Accurate insolation data for many cities and locations is not available. Therefore estimation of such data for solar applications is inevitable. Clearness index KT¯ is one of the parameters which represent the atmosphere characteristics and solar energy potential at a location. This paper presents an Integrated Artificial Neural Network (ANN) approach for optimum forecasting of Clearness index by considering environmental and meteorological factors. The ANN train and test data with multi-layer perceptron (MLP) approach which is popular and applicable network for such engineering investigations is used in this study. The proposed approach is particularly useful for locations with no available measurement equipment. To show the applicability and superiority of the integrated ANN approach, monthly data were collected for 30 years (1975–2005) in 19 nominal cities in Iran.
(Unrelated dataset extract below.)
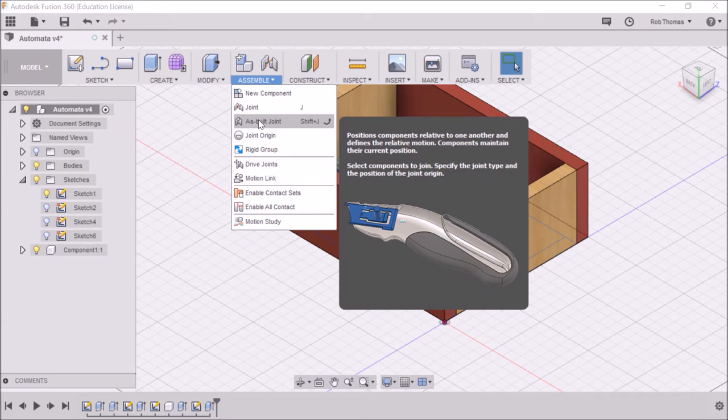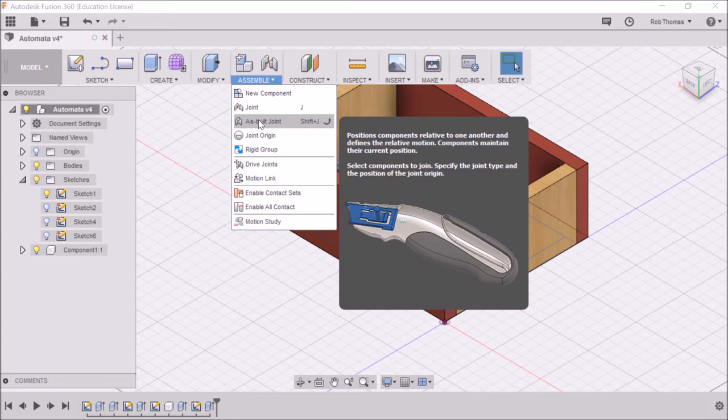As you can see, this positions components relative to one another and defines their relative motion. Components maintain their current position, so it's really important not to move your components around. If you do, just hit Ctrl+Z and it'll put it back. It says here to select components to join, specify the joint type, and the position of the joint origin.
The acquired results of the model have shown high accuracy with a mean absolute percentage error (MAPE) about 4.338%. Furthermore, a detailed analysis is performed on the various combinations of input parameters. Finally, using these results, geographic information system (GIS) map is produced and presented. This map is very good indicative of climate and solar potential of different locations based on ANN analysis.

Suggested Citation

  • Kheradmanda, Saeid & Nematollahi, Omid & Ayoobia, Ahmad Reza, 2016. "Clearness index predicting using an integrated artificial neural network (ANN) approach," Renewable and Sustainable Energy Reviews, Elsevier, vol. 58(C), pages 1357-1365.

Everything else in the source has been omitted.